Aliénor d’Aquitaine, la grande dame
Spécialiste des Plantagenêts, Martin Aurell enseigne à l’université de Poitiers depuis 1994 et a dirigé le centre d’études supérieures de civilisation médiévale de 2015 à 2022. Il est notamment l’auteur de L’empire des Plantagenêts (Perrin, 2003). Ici il revient sur la singulière figure d’Aliénor d’Aquitaine, successivement reine de France et d’Angleterre. Qu’apporte de neuf Martin Aurell sur ce personnage si singulier ?
Un parcours impressionnant entre histoire et légende

La vie d’Aliénor, qui s’étend sur plus de quatre-vingt ans (exceptionnel vu l’époque), est au détail assez incroyable. Voici donc la fille du duc d’Aquitaine devenue reine de France en épousant le timide Louis VII. Ce dernier aurait été selon les sources (qu’il faut prendre avec précaution) fou amoureux de sa femme qui, pourtant, ne lui donne pas le fils espéré. Aliénor voit donc son mariage annulé pour cette raison et non pour un adultère supposé avec son oncle Raimond de Toulouse lors de la croisade, il n’empêche que cette rumeur aura la vie très dure et lancera le mythe de sa nymphomanie. Et Martin Aurell étudie cette légende souvent noire et parfois rose avec un soin très particulier car c’est elle qui installe cette femme dans l’histoire. Devenue reine d’Angleterre, elle donne des fils à son époux qui la trompe vertement. Et la voilà bientôt qui soutient son fils Henri en révolte contre son père, ce qui lui ne vaut rien moins qu’une assignation à résidence ! Cette reine n’hésite pas à défendre ensuite Richard, son préféré certainement. Le futur Cœur de Lion montrera d’ailleurs toujours une affection inébranlable envers sa mère à qui il confie la régence lors de son départ en croisade avec son « ami » Philippe Auguste.

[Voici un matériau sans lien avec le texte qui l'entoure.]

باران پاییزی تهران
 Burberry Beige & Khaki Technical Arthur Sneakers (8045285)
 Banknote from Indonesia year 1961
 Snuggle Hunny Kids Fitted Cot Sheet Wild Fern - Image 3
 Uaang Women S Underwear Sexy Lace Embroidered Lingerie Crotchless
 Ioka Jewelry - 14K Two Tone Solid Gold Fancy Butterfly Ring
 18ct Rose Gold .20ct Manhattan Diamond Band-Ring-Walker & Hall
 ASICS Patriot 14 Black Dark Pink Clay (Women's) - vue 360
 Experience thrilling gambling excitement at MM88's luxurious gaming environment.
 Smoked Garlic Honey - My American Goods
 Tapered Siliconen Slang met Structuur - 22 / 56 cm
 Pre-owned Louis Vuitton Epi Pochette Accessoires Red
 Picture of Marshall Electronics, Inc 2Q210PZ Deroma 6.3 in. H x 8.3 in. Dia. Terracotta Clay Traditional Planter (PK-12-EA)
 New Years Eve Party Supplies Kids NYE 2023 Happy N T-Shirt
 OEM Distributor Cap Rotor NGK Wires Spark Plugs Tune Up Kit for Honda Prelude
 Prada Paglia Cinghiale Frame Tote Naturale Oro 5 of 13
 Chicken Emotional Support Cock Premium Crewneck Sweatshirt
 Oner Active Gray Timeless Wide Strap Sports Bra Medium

Un mythe malgré la mauvaise réputation
Aliénor fascine toujours donc. Sa ténacité à tout faire pour libérer Richard captif de l’empereur impressionne et sa capacité à exercer la régence en Angleterre aussi. C’est parce qu’elle était une femme de pouvoir que sa légende noire est née d’ailleurs : ne montait-elle pas à cheval comme une amazone ? Aliénor, comme le note Martin Aurell dans sa conclusion, vit à une époque où la condition de la femme se détériore. C’est aussi pour ça que cette reine, dont descendent encore aujourd’hui la famille royale d’Angleterre et la famille de Bourbon-Orléans (car sa petite-fille Blanche de Castille épousa Louis VIII et fut la mère de Saint-Louis) continuera longtemps de nous fasciner, loin des clichés misogynes de l’historiographie du XIXe siècle. Martin Aurell a ici accompli un excellent travail de biographe et d’historien.
Sylvain Bonnet
Martin Aurell, Aliénor d’Aquitaine, Flammarion, novembre 2024, 512 pages, 24,90 euros
Post-scriptum : c’est avec tristesse que nous avons appris le 8 février la disparition de ce grand médiéviste.